(Brief descriptive captions)

↓

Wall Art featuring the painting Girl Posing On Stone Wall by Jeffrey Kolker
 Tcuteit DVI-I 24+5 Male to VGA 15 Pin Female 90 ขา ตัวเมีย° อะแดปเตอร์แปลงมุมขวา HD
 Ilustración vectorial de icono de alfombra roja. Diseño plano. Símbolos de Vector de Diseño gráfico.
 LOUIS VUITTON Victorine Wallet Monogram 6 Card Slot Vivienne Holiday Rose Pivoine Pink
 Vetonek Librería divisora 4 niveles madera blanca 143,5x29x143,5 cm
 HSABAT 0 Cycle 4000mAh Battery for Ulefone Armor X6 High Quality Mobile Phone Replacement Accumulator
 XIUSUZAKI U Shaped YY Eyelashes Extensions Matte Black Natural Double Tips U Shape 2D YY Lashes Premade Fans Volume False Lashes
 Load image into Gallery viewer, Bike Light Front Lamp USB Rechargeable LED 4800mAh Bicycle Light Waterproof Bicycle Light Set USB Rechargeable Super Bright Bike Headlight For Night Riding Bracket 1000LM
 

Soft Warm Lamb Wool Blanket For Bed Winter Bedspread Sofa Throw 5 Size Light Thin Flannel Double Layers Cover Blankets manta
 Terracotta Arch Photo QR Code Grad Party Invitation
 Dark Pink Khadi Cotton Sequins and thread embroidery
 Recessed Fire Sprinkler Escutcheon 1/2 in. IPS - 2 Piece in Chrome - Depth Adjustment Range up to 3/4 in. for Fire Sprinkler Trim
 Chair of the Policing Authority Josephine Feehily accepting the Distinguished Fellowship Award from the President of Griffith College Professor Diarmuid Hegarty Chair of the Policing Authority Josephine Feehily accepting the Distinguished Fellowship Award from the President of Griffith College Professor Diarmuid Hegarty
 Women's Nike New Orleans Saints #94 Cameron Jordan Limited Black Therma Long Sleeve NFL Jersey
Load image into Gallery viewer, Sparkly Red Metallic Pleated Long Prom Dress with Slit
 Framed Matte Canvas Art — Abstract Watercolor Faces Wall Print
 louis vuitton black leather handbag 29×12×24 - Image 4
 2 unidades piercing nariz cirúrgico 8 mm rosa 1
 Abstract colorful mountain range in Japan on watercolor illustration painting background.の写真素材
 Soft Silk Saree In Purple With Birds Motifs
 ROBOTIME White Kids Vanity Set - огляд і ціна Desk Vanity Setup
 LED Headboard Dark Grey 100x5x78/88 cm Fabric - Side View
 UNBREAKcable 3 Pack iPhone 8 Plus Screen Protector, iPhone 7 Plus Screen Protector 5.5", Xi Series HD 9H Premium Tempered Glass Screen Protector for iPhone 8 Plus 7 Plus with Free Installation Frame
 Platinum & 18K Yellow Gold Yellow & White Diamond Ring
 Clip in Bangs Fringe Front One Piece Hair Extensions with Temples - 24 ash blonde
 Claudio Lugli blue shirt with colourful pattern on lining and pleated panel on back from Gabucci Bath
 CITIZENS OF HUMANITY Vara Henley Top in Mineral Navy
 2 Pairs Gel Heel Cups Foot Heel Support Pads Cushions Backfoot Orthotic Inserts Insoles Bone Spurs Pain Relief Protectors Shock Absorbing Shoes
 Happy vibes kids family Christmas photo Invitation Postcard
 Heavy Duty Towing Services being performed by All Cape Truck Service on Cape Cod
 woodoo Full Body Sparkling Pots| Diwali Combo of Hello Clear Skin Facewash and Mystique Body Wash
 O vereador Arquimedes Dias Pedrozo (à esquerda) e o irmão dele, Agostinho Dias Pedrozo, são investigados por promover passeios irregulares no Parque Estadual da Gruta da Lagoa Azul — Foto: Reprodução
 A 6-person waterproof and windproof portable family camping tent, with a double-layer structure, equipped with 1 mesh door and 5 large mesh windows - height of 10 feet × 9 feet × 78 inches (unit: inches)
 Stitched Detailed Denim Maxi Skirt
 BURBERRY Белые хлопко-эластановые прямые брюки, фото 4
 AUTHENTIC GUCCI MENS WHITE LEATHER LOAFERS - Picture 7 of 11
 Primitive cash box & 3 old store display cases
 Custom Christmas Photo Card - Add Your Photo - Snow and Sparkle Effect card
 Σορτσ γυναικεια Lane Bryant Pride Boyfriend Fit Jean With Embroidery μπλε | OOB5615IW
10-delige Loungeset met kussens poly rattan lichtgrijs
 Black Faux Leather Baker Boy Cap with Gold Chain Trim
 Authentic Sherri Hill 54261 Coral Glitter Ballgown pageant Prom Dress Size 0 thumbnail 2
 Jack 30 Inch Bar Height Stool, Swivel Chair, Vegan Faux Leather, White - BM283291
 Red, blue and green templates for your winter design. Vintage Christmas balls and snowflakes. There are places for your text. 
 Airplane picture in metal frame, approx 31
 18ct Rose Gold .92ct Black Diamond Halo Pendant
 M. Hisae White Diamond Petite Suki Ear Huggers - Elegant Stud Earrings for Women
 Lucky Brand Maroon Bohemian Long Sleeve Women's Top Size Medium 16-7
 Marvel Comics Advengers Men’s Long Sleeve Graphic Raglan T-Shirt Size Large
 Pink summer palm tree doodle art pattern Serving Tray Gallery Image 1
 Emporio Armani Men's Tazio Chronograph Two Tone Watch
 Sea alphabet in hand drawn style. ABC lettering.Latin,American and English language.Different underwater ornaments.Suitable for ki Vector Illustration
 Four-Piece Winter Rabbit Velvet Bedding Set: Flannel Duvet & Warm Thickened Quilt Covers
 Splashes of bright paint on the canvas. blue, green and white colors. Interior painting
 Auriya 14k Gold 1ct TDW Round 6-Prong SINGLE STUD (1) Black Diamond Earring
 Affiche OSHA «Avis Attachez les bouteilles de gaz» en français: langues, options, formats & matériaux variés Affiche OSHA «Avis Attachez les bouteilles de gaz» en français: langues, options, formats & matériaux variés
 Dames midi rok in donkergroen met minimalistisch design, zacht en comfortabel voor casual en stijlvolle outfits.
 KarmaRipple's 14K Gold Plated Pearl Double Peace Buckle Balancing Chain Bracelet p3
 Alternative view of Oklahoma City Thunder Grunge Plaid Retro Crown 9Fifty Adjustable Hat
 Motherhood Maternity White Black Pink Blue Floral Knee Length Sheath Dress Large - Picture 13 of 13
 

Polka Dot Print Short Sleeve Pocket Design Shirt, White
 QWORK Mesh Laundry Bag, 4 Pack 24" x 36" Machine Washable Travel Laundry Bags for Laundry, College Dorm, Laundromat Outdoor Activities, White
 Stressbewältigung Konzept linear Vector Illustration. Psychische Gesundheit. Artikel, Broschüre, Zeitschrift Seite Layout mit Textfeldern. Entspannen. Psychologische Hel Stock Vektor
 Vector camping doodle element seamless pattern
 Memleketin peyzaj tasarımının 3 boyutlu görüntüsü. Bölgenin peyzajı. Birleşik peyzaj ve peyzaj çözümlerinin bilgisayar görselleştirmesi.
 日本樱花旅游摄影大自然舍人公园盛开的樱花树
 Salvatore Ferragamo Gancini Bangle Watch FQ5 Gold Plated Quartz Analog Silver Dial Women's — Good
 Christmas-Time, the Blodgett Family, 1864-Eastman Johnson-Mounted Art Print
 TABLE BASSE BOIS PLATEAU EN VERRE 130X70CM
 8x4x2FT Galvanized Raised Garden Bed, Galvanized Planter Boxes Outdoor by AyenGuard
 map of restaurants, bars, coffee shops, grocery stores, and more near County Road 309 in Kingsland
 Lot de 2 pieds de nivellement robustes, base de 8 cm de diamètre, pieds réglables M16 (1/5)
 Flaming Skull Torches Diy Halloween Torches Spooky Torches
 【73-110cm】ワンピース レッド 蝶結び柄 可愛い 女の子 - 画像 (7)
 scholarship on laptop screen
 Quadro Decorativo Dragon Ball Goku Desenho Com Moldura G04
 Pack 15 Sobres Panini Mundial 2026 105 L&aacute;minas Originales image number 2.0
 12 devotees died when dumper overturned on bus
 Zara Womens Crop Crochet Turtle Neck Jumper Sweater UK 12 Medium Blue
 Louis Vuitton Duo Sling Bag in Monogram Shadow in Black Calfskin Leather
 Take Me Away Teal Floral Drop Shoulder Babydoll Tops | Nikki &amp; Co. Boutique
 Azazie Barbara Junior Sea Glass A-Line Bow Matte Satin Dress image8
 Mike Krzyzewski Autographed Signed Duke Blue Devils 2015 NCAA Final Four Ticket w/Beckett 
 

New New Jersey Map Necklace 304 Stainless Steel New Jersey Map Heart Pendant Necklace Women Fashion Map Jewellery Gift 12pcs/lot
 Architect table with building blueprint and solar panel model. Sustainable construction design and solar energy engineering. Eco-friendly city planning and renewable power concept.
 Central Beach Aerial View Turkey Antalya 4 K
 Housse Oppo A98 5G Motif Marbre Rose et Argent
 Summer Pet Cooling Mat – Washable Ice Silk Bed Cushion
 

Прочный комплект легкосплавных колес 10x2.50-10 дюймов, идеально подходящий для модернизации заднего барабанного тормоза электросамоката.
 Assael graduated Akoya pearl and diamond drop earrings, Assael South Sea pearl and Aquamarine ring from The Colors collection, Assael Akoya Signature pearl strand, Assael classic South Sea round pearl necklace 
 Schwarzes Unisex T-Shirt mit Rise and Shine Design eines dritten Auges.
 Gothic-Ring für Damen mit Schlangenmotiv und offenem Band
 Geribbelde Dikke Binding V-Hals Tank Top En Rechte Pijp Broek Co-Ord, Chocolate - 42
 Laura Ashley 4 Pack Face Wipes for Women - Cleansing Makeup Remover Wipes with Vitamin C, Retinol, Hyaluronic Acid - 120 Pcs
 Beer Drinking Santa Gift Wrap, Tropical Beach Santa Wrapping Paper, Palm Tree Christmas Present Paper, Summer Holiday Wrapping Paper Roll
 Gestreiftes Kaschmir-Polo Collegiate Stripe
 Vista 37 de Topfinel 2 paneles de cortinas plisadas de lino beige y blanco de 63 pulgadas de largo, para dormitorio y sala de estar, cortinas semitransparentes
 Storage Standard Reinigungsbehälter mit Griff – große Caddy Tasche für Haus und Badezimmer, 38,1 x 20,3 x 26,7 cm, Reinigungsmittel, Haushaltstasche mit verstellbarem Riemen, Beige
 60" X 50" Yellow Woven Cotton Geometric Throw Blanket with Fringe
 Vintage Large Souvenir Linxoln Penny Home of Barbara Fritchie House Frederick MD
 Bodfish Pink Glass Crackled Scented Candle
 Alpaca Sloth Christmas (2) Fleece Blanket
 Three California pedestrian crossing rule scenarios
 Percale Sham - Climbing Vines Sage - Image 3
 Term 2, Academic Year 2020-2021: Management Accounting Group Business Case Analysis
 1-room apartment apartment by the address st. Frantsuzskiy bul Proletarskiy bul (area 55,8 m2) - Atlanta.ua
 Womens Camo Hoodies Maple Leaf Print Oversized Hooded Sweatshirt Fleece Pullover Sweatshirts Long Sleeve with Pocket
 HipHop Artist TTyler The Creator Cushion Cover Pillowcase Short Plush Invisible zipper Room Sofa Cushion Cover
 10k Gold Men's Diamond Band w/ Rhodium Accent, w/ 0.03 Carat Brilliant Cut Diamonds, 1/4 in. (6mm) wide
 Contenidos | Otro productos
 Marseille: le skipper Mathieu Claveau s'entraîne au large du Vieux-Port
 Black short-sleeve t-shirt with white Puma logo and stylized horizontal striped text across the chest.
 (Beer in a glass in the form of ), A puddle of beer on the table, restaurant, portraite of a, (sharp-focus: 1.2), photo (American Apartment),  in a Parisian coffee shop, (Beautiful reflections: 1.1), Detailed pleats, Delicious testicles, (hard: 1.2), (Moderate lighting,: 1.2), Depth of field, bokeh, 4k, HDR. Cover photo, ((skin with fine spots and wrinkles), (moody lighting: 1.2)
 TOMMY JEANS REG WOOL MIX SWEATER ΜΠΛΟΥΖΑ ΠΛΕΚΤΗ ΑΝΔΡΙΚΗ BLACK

↑

▸ What to produce: Reproduce only the lines above, starting at the line with "map of restaurants, bars, coffee" and ending at the line with "Pack 15 Sobres", exactly as written.

▸ Task response:
 map of restaurants, bars, coffee shops, grocery stores, and more near County Road 309 in Kingsland
 Lot de 2 pieds de nivellement robustes, base de 8 cm de diamètre, pieds réglables M16 (1/5)
 Flaming Skull Torches Diy Halloween Torches Spooky Torches
 【73-110cm】ワンピース レッド 蝶結び柄 可愛い 女の子 - 画像 (7)
 scholarship on laptop screen
 Quadro Decorativo Dragon Ball Goku Desenho Com Moldura G04
 Pack 15 Sobres Panini Mundial 2026 105 L&aacute;minas Originales image number 2.0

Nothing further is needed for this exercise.